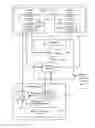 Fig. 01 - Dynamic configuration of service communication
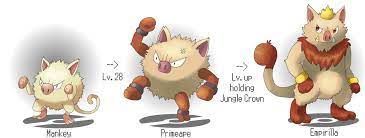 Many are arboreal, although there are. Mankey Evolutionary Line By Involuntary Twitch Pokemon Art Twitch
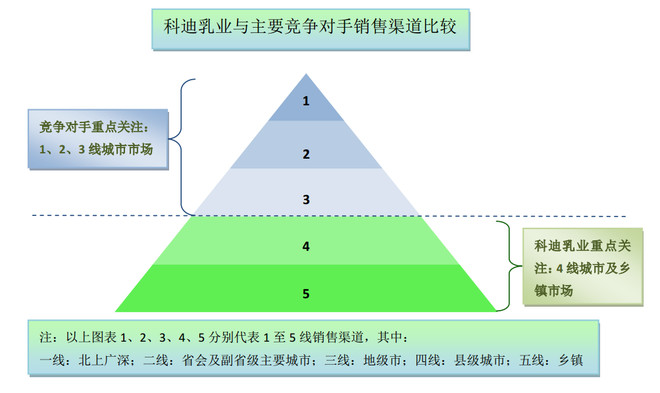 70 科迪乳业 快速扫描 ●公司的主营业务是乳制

▶ Assignment
Starting with the line that contains "Many are arboreal, although", reproduce every line down to the end of the listing above, both endpoints included. Pictures stay out.

▶ Written answer
 Many are arboreal, although there are. Mankey Evolutionary Line By Involuntary Twitch Pokemon Art Twitch
 70 科迪乳业 快速扫描 ●公司的主营业务是乳制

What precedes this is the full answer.